Calculating insurance premiums is all about calculating risk, and because women are statistically much safer behind the wheel; it makes sense to use gender when calculating premiums. However, in 2012 the European Court ruled that gender couldn’t be used as a pricing factor and insurance providers duly complied. Almost overnight the pricing gap narrowed with men paying an average of 20% more than women for cover, but four years on and men are now paying an extra 27%. Commenting on the surprising findings Malcolm Tarling, of the Association of British Insurers (ABI) said “Factors including type of car, number of miles driven, driving record and claims experience will all impact on the cost of cover. Men and women are likely to drive different types of vehicle, do different mileage, and these variations, not gender pricing, will reflect in premiums.”

One in four motorists will write-off a vehicle during their lifetime

Echoing the above findings that men are riskier behind the wheel; another report has found that men are twice as likely to write off vehicles compared with women. The figures also revealed that men were much more likely to lie about the causes of an accident (with 48% of men ready to bend the truth compared to just 20% of women) and that cars coloured blue were most likely to be written-off. Arguably the most surprising statistic was that one in four motorists will write-off a vehicle at some point in their life. Find out more about write-offs in our recent post What is a car insurance write-off and how are the categories changing?

Tougher penalties for spending too long behind the wheel

Every motorist knows that tiredness kills and that responsible drivers should take regular breaks. However, the pressure put on some commercial drivers means they are breaching their tachograph restrictions and breaking the law. In response the government is considering on-the-spot fines of £300 for every breach stretching back over the past 28 days (to a maximum of £1,500 before a court appearance). Tiredness when driving is thought to cause one in five accidents and one in four fatal collisions. Commercial vehicles are involved in 40% of sleep-related incidents and the consequences are much more likely to be serious or fatal. The proposed measures have been warmly welcomed by safety organisations and the wider motoring public.

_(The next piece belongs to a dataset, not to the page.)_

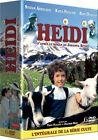 Heidi : l'integrale - pack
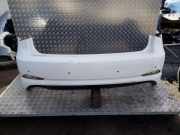 Hintere Stoßstange HYUNDAI i40 (VF) 1.7 CRDi 866113Z300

The country’s crash for cash hotspots revealed

Britain’s second city has been awarded the dubious accolade of being the ‘crash for cash capital of the country’. The rankings by the Insurance Fraud Bureau revealed that half of the ‘top ten’ postcodes for fraudulent ‘crash for cash’ claims were in Birmingham. The other towns and cities that made it into the infamous ‘top ten’ were: Bradford, Manchester, Oldham with the capital having only three postcodes in the top thirty.  Crash for cash scams are not only a real danger to drivers, but cost the industry £336m a year, and it’s law-abiding motorists who end-up picking-up the bill.